April 28, 2026
UAE's exit from OPEC could shake global markets and hit the Russian budget, experts believe
What happened. The United Arab Emirates announced its withdrawal from the Organization of the Petroleum Exporting Countries (OPEC) and OPEC+. From May 1, the UAE will be able to independently decide how much oil to produce and sell without regard to quotas set by the organization. How this will affect the markets. In the short term, the UAE's exit from OPEC+ has minimal significance for the global market, Tatiana Mitrova, an expert at the Center for Global Energy Policy at Columbia University, told "Novaya-Europe." According to her, the Emirates are currently limited in oil exports – the Strait of Hormuz is blocked, and the bypass pipeline is fully loaded and pumps about 1.8 million barrels of oil per day.
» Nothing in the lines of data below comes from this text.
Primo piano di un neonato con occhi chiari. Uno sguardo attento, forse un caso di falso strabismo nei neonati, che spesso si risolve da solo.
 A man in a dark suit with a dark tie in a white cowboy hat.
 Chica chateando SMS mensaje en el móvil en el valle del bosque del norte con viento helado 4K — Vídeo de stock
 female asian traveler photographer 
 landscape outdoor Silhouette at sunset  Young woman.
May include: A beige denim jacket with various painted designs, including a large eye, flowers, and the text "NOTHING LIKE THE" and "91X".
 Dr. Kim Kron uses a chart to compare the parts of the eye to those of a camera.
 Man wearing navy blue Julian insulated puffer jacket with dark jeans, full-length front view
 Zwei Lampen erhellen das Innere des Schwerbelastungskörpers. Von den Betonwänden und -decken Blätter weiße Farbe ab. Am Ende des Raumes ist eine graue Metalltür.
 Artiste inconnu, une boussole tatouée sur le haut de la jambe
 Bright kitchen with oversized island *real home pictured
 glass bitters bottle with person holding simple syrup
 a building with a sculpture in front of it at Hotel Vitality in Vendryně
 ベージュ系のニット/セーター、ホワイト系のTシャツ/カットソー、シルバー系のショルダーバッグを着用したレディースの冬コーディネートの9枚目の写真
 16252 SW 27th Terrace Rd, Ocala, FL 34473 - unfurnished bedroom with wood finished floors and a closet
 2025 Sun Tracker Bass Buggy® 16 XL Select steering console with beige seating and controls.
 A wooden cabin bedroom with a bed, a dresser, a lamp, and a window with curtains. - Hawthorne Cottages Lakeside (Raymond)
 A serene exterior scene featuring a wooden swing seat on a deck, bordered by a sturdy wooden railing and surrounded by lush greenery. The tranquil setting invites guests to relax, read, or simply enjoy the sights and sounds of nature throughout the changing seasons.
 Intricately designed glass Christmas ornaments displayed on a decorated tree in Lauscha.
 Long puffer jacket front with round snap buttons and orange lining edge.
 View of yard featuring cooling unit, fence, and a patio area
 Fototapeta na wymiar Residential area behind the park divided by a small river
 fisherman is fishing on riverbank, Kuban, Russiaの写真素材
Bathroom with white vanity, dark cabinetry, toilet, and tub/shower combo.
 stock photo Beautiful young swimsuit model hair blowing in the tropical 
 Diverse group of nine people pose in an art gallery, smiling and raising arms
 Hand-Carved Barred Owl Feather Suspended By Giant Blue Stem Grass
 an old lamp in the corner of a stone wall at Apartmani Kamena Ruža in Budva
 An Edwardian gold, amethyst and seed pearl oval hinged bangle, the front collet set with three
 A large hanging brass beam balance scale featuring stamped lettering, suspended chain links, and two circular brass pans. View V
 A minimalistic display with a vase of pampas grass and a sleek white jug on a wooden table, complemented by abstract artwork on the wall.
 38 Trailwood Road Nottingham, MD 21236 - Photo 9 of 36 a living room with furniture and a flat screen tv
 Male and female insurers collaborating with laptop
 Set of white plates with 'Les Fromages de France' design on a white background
Before the conflict, the country exported 2.7 million barrels per day and produced 3.4 million. Analysts at "Promsvyazbank" note that the current oil deficit against the backdrop of the blockade of the Strait of Hormuz is keeping prices at a high level. However, the UAE's decision is a break from the previous price regulation system. And as soon as the conflict ends, the market will face an excess of oil, which usually leads to a price decrease. However, Sergey Vakulenko, a senior researcher at the Berlin Carnegie Center, notes that oil prices may remain high for about another year, despite the UAE's exit from OPEC+. As countries will have to replenish reserves depleted since February. How this will affect the Russian budget. Mitrova notes that if one of the most ambitious producers leaves the quota regime, then the ability to manage the market becomes weaker. And this will lower oil prices. Leading analyst at Freedom Finance Global, Natalia Milchakova, also writes about this risk. According to her, what is dangerous for Russia is not the UAE's exit from OPEC+ itself, but the possible collapse of the alliance, which will be followed by a long period of declining oil prices. However, Milchacova notes that by leaving OPEC, the UAE can still be a partner of Russia and participate in voluntary oil production cuts.

TL;DR
- The UAE is withdrawing from OPEC and OPEC+ starting May 1st.
- This allows the UAE to independently determine oil production and sales volumes.
- Short-term market impact is considered minimal due to current export constraints.
- Experts anticipate a potential oil surplus and price decrease once conflicts ease.
- The move could weaken OPEC+'s ability to manage the market.
- This decision poses a risk to the Russian budget due to potential oil price declines.